While the bivariate normal may seem like a special case, in practice many random variables are close to normal and if they are not one can form new random variables by taking sample averages and the distributions of the averages will be closer to normal. If then the two sample averages are jointly normal, their regression line will be linear.
Also in practice one may want to extract the linear part of a complex relationship between X and Y. A linear regression is an attempt to locate the linear part. Sometimes the linear part may only be valid for small values of X but fail miserably for large values. This happens in security prices where large values can mean extreme and unusual events - such as a country defaulting on its debt - when the business as usual relationships no longer hold.
Often the relation ship between two variables may be weak and difficult to detect, but if there are many weakly related variables it may be possible to discover significant relationships between aggregates of the variables - e.g. weighted averages.
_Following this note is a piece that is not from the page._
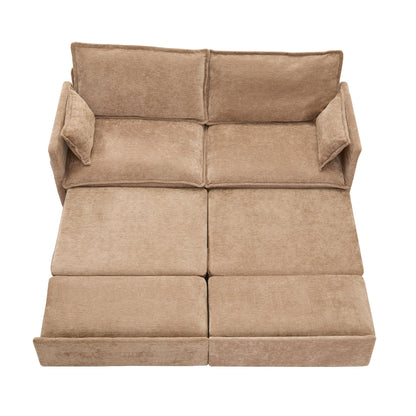73.6 Corduroy 3-in-1 Convertible Sofa Bed with Pull-Out Sleeper, USB Charging Ports, and Side Storage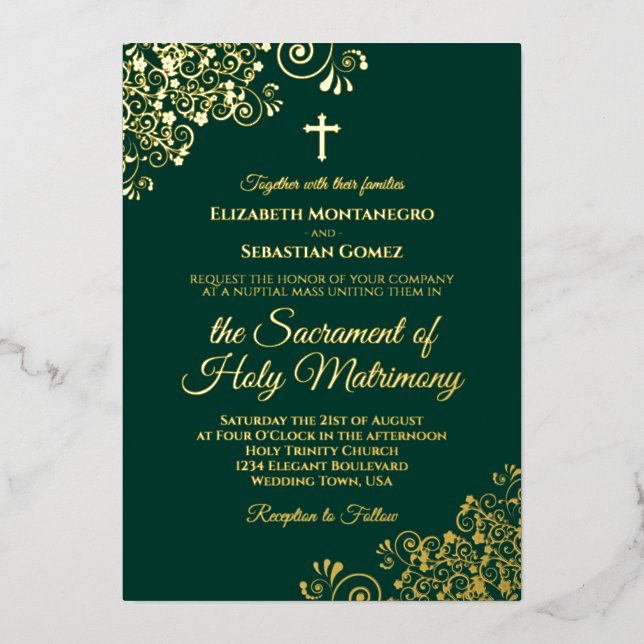 Elegant Emerald Green & Gold Catholic Wedding (Front)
Principal components is a way of selecting aggregates and works well for nearly jointly normal random variables. Again, these components may only be valid for small values of the underlying random variables. For instance, one might decompose short term stock returns into principal components that are each represented by large baskets of stocks. These components may work well in stable markets but fall apart when that country defaults on its debt.
Abstractly, two random variables can be uncorrelated yet completely dependent. The dependence can be arbitrarily complicated. In practice, one generally hopes for a linear relationship ,at least in some range of the variables, because non-linear relationships are difficult to estimate and require large amounts of data.